Even though he didn’t have time to make many significant changes, proof that Rabin was correct came in October 2000, five years after Rabin was assassinated. At the time, Ehud Barak’s government was coping with violent riots in the Arab sector. The trigger for the October riots was, of course, nationalist identification by Arab Israelis with the Palestinians at the beginning of the second intifada. However, the Orr Commission of Inquiry that examined the bloody events in which 13 Arab citizens were killed devoted entire chapters of their report to the deep-seated reasons that led to the disturbances: the gaps between Jews and Arabs, inequality and neglect that were fertile grounds on which frustration and polarization grew. Even the Shin Bet, the body that tries to decipher deep social issues for reasons of security, believes that more equality will lead to less violence.

Former chief of the Shin Bet, Yuval Diskin, said in 2012 that the integration of Arab Israelis is more important than the Iranian threat.
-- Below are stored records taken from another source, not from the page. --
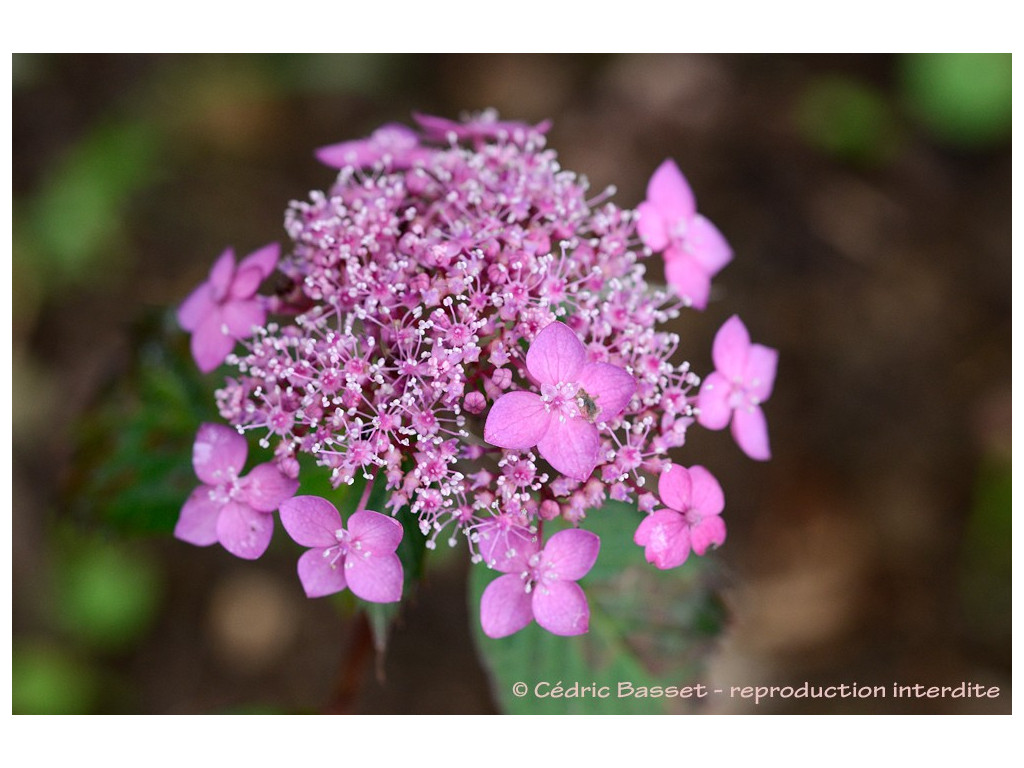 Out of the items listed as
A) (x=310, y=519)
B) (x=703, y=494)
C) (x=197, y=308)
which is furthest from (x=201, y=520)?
(x=703, y=494)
The conclusions of the Orr Commission were not fully implemented, certainly not with regard to the allocation of funding to reduce social gaps between Arabs and Jews. The short-sightedness of the prime minister prevented the committee members from understanding that investing significantly in the Arab sector will not only serve simple social justice, but also offer part of the solution to Israel’s domestic security tensions. Almost every committee or study, from education to health, from policing to crime, that examined the gaps between Arabs and Jews and their long-term consequences came to the same conclusion. Yet Israeli governments still ignore the elephant in the room.

In this context, real changes are unlikely, especially once the topic disappears from the public agenda. Tibi’s friends in the Joint List could have worked together to publicize the subject on the social networks and in interviews, but they did not even make an appearance in the Knesset. It may be because of power struggles within the party, but it is hard to ignore the obvious: The Arab Knesset members show up when it comes to the conflict with the Palestinians, but fail to do so on social issues that affect Arab Israelis.